Top of INFORMATION

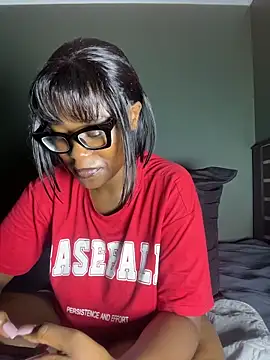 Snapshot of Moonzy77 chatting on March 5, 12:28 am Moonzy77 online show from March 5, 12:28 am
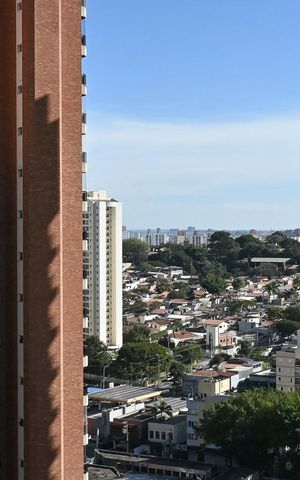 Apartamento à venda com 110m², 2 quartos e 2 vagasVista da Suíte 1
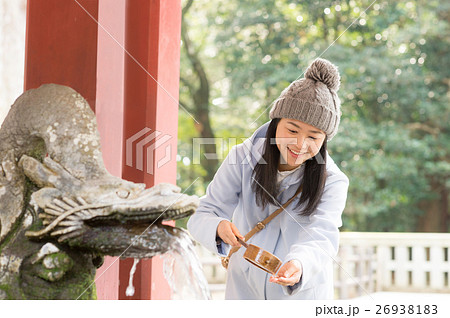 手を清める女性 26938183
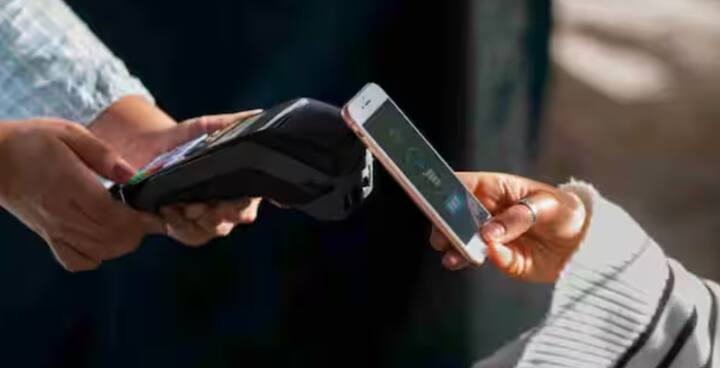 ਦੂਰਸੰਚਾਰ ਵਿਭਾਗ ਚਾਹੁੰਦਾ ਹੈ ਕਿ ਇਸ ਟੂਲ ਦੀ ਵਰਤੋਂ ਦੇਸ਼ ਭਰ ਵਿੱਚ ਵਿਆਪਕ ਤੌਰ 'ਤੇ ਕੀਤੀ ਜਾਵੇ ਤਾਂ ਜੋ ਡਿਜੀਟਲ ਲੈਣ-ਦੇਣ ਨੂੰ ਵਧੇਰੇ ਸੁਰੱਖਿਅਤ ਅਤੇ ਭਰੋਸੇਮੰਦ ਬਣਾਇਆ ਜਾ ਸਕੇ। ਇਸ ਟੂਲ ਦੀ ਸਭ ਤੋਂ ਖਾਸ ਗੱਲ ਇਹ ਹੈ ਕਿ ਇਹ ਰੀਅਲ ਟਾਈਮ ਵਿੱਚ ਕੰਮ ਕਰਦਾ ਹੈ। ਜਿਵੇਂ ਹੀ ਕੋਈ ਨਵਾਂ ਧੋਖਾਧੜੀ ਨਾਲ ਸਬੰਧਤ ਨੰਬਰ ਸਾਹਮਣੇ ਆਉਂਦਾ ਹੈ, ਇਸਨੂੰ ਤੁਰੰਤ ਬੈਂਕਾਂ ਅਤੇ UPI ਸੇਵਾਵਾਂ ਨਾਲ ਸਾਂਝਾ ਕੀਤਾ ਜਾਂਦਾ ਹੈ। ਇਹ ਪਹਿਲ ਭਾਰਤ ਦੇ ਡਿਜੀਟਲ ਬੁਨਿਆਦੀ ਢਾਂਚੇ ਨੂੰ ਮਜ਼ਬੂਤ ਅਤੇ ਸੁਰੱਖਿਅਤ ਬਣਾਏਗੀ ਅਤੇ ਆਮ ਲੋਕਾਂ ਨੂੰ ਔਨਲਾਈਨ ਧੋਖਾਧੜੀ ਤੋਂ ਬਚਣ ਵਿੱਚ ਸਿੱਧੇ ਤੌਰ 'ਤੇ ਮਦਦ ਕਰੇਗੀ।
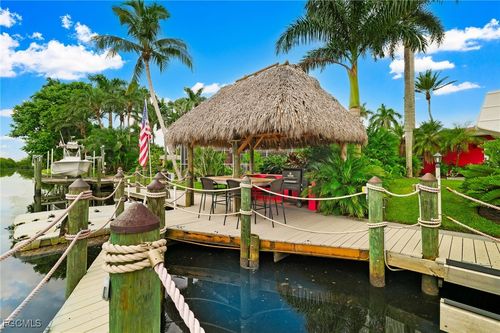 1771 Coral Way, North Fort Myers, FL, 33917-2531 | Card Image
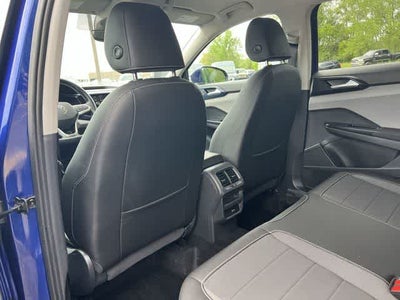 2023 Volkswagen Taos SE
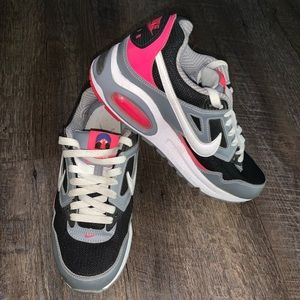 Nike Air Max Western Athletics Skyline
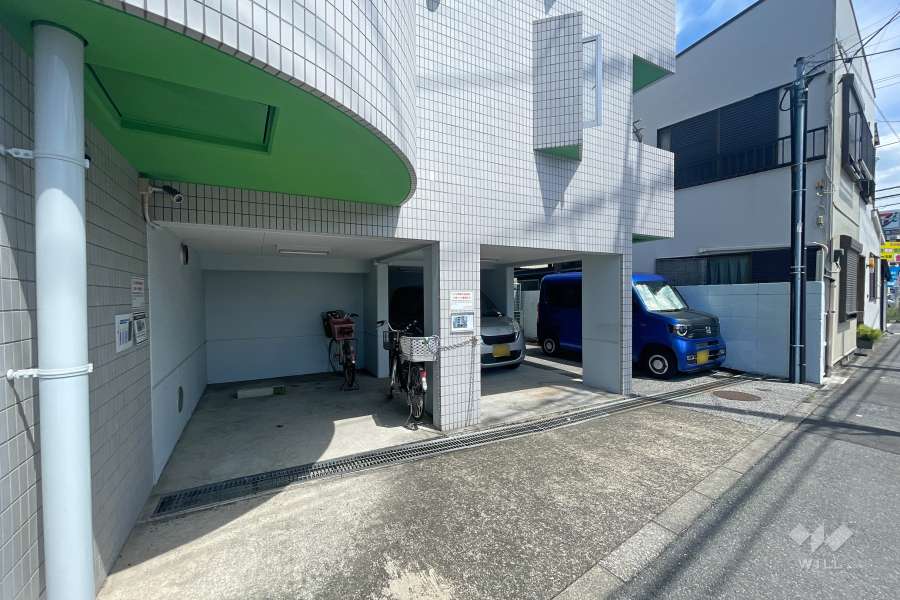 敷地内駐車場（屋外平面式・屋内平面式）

Bottom of INFORMATION

TASK:
Repeat exactly the lines from the first line of the records above through the line containing "手を清める女性 26938183", both included. Leave out the pictures.

SOLUTION FOR THIS TASK:
 Snapshot of Moonzy77 chatting on March 5, 12:28 am Moonzy77 online show from March 5, 12:28 am
 Apartamento à venda com 110m², 2 quartos e 2 vagasVista da Suíte 1
 手を清める女性 26938183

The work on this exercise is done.